Stupid, Stupid Laws (part 1)

Most of the laws related to sex work that I have worked under in different jurisdictions around Australia operate in exactly the ways that anyone could least want to them to work. For example, in South Australia, where I spent most of my career to date, most activities to do with sex work are illegal, and up until the last decade or so, heavily policed. These days, the vice squad focus their policing efforts on street based sex work, mostly tolerating brothels and private in house workers. One charge related to sex work is ‘procuring’ where you employ someone as a sex worker who hasn’t sex worked, at least in SA before.

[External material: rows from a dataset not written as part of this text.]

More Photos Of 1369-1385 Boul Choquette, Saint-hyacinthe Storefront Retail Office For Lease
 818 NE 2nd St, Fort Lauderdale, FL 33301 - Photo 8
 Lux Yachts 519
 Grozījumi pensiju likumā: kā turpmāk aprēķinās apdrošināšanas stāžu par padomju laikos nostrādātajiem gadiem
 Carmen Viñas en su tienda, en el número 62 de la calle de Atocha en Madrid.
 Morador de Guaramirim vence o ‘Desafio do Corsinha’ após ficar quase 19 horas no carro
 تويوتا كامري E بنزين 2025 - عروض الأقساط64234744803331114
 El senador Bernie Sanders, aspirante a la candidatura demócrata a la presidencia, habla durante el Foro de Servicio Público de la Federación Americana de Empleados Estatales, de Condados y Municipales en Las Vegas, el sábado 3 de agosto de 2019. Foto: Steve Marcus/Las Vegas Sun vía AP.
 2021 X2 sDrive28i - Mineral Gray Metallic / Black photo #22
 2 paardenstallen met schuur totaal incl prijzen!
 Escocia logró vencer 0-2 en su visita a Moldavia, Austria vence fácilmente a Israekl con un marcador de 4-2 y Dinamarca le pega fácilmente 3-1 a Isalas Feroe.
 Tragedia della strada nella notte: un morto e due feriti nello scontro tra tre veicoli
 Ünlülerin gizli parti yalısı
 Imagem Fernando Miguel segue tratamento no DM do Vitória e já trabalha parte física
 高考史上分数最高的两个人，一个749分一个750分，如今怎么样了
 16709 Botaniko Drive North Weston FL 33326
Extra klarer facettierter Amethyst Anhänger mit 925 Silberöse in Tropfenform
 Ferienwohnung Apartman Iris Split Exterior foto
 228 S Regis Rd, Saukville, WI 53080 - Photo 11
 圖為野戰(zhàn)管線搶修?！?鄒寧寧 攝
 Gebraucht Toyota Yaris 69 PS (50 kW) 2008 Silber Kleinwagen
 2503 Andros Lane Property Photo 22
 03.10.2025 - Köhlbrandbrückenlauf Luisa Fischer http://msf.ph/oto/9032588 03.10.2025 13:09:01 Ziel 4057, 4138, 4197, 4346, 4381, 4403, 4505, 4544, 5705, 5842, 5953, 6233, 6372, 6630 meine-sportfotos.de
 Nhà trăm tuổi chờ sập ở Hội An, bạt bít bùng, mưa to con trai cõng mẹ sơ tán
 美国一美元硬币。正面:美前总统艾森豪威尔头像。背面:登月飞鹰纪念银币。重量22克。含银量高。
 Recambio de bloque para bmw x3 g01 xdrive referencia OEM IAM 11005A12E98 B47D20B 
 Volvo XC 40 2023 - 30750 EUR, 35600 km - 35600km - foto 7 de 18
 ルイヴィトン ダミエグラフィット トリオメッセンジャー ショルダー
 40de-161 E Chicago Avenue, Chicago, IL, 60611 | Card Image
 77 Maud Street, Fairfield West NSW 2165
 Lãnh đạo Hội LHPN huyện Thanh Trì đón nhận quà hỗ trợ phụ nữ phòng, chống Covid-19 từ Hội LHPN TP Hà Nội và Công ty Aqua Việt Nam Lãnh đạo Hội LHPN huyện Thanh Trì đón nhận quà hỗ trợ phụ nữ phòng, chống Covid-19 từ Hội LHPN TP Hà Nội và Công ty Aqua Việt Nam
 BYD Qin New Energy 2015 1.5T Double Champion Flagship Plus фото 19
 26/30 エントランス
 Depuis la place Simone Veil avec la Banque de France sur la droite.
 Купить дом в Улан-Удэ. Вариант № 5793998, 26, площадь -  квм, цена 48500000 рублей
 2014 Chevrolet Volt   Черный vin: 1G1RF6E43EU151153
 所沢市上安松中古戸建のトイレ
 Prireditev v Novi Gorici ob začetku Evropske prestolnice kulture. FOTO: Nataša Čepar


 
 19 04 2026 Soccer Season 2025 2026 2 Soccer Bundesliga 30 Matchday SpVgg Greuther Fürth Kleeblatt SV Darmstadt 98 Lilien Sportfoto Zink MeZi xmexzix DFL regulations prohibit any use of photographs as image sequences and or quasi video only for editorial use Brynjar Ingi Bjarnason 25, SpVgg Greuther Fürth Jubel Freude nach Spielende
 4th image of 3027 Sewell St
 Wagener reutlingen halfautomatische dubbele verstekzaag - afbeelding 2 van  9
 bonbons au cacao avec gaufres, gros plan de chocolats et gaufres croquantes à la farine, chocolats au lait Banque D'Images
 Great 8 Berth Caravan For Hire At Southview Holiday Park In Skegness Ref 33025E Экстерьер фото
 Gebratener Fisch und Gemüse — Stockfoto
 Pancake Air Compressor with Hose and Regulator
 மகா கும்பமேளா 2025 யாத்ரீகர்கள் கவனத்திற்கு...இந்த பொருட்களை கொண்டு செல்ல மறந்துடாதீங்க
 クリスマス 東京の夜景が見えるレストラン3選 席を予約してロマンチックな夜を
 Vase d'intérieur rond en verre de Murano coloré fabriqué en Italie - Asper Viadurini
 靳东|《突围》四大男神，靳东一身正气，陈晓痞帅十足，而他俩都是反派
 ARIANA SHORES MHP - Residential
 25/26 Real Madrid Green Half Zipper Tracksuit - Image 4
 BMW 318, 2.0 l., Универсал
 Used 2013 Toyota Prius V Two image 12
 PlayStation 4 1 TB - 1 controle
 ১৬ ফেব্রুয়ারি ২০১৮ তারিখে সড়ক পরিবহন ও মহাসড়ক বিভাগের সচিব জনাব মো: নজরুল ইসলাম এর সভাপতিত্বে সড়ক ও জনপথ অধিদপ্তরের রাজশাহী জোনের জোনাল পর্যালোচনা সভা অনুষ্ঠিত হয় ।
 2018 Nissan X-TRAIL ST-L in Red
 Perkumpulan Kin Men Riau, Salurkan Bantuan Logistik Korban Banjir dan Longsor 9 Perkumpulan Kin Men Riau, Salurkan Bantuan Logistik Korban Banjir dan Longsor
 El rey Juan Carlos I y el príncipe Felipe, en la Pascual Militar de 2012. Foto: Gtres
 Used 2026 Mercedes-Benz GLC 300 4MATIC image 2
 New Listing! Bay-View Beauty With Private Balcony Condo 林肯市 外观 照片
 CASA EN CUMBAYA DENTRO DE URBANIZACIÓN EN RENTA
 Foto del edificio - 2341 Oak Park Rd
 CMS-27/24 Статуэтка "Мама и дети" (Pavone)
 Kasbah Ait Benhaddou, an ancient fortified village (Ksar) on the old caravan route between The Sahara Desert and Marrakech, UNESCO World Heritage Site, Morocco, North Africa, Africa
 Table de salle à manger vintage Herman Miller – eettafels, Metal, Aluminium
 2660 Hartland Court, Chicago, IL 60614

How this is policed is some police officer will pose as someone looking for a job at a brothel or escort agency, gain an interview with a business owner or manager, ask questions about the work, and get the interviewer to acknowledge that sexual services are an expected part of the job, and then they will arrest the person. I’ve never met a sex worker who was duped or deceived about the nature of the work they were entering, while it probably happens, it isn’t a common feature of the sex industry, and sex workers I have met go for their first hooking job well aware of the broad aspects of the work, if not the fine details. However, because owners and managers fear being charged for procuring, it can be really difficult to actually get clear and specific information about the work when you first start – and obviously, with sex work, as much as any work, knowledge is power. Tips and tricks of the trade, industry norms and easy ideas of how a basic sex work booking runs would be invaluable when first starting sex work.

Criminalisation gets in the way of sex workers gaining information, skills and being best able to make informed choices.